AMANDA MILLER, Complainant
GREENFIELD VETERINARY CLINIC, Respondent
An administrative law judge for the Equal Rights Division of the Department of Workforce Development issued a decision in this matter. A timely petition for review was filed.
The commission has considered the petition and the positions of the parties, and it has reviewed the evidence submitted to the administrative law judge. Based on its review, the commission agrees with the decision of the administrative law judge, and it adopts the findings and conclusion in that decision as its own, except that it makes the following modifications:
1. Paragraphs nineteen through twenty-one of the administrative law judge's FINDINGS OF FACT are deleted.
2. The administrative law judge's CONCLUSIONS OF LAW are deleted and the following CONCLUSIONS OF LAW are substituted therefor:
1. There is probable cause to believe that the respondent engaged in sexual harassment, within the meaning of the Wisconsin Fair Employment Act (hereinafter "Act").
2. There is no probable cause to believe that the respondent discriminated against the complainant in terms, conditions or privileges of employment because of her sex, or because she opposed a discriminatory practice under the Act.
3. There is no probable cause to believe that the respondent terminated the complainant's employment because of her sex, or because she opposed a discriminatory practice under the Act.
The decision of the administrative law judge is modified and, as modified, is reversed in part and affirmed in part. This matter is remanded to the Equal Rights Division for further proceedings with respect to the sexual harassment issue.
Dated and mailed April 28, 2005
milleam . rmd : 164 :
/s/ James T. Flynn, Chairman
David B. Falstad, Commissioner
/s/ Robert Glaser, Commissioner
The record reveals that one of the two veterinarians for whom the complainant worked, Dr. Reed, slapped the complainant on the buttocks on two occasions, poked her in the ribs on one occasion, and made comments on two or more occasions regarding the size of the complainant's buttocks. The complainant considered this conduct to constitute unwelcome sexual harassment. The complainant complained to the respondent about Dr. Reed's conduct and specified that she considered it to be sexual harassment, but was told that Dr. Reed was "just playing" and, further, that she should put up with it and not rock the boat, since he was close to retirement.
The Act makes it unlawful for an employer to engage in unwelcome physical contact of a sexual nature or unwelcome verbal or physical conduct of a sexual nature.
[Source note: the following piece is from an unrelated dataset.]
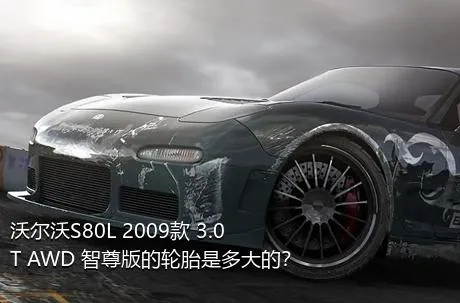 沃尔沃S80L 2009款 3.0T AWD 智尊版的轮胎是多大的？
Wis. Stat. § 111.32(13). The conduct need not create a "hostile work environment" in order to be actionable. In concluding that sexual harassment was not established, the administrative law judge cited to a commission decision, Baier v. J&J Electric (LIRC, December 16, 2003), for the proposition that, even if the Act does not require the conduct of an owner or agent of the employer to rise to the level of a hostile work environment, the conduct must still be similar to the verbal or physical conduct that creates a hostile work environment in order for it to be a violation of the Act. However, in a recent decision the commission clarified that any conduct which falls within the statutory definition of sexual harassment is unlawful, if perpetrated by an employer or agent of the employer. Sanderson v. Handi Gadgets Corp. (LIRC, March 31, 2005).
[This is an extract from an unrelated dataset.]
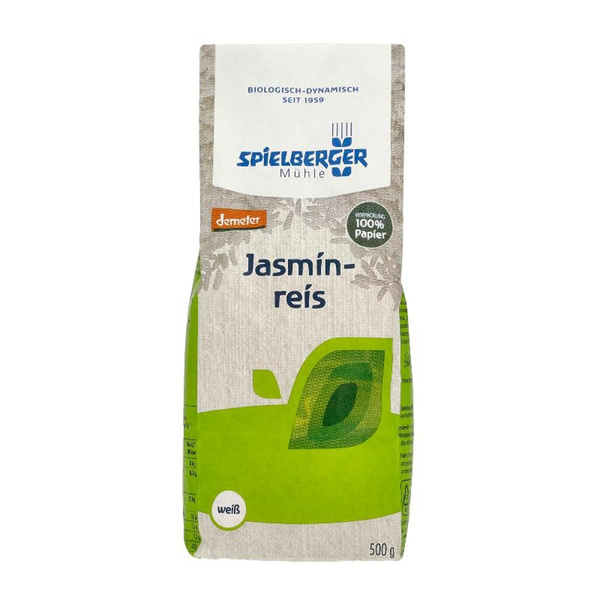 Produktfoto zu Jasminreis weiß DEMETER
As indicated above, in this case, one of the owners of the business, Dr. Reed, subjected the complainant to conduct which included slapping her on the buttocks and making comments about the size of her buttocks. While the administrative law judge found that Dr. Reed's conduct was not intended to be sexual in nature, the commission does not believe that Dr. Reed's intent, assuming it can be inferred from the record, is controlling in this case. The complainant perceived Dr. Reed's conduct as being sexual in nature, and the commission believes this perception was reasonable. A female employee could logically and rationally interpret repeated comments about the size of her buttocks and slaps on the buttocks by her male employer to be sexual in nature, whether or not accompanied by other overt sexual language or conduct. Based on this record, the commission finds probable cause to believe that the complainant was subjected to sexual harassment, and it has reversed the portion of the administrative law judge's decision which dismissed that aspect of the complaint.
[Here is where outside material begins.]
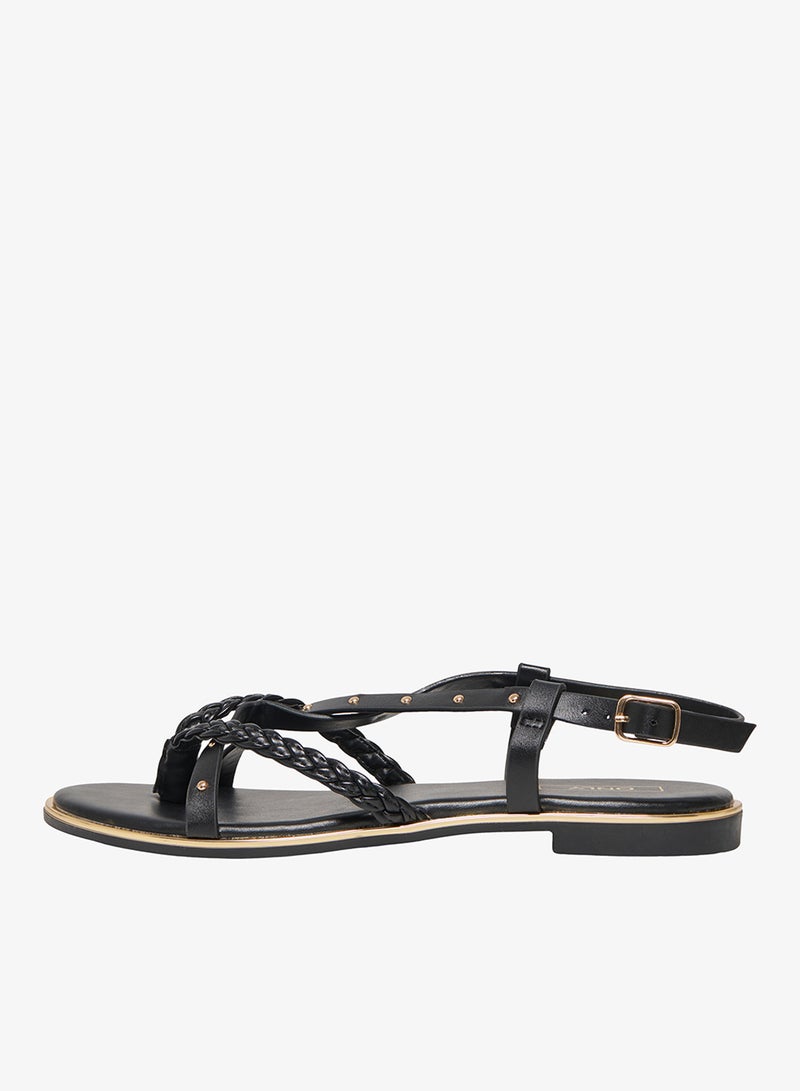 ONLY Casual Slingback Sandals - Image 1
However, the commission concurs with the administrative law judge that there is no probable cause to believe that the complainant was discriminated against as alleged with respect to the other terms and conditions of her employment or with regard to her discharge from employment. While the complainant did notify the respondent of her objections to the sexual harassment, the record reveals that she successfully passed her probationary period and received more than one salary increase thereafter. The complainant was not disciplined until the quality of her work began to deteriorate, and was not discharged until it became clear to the respondent that she was not attempting to improve. Under all the circumstances, the commission agrees with the administrative law judge that the complainant failed to demonstrate probable cause to believe she was discriminated against in the terms and conditions of her employment or was discharged because of her sex or in retaliation for opposing a practice of discrimination. Consequently, the dismissal of the complaint with respect to those issues is affirmed.
NOTE: The commission did not confer with the administrative law judge about witness credibility. The commission's reversal is not based upon a differing assessment of witness credibility. Rather, the commission has reached a different result when applying the law to the same set of facts as that found by the administrative law judge.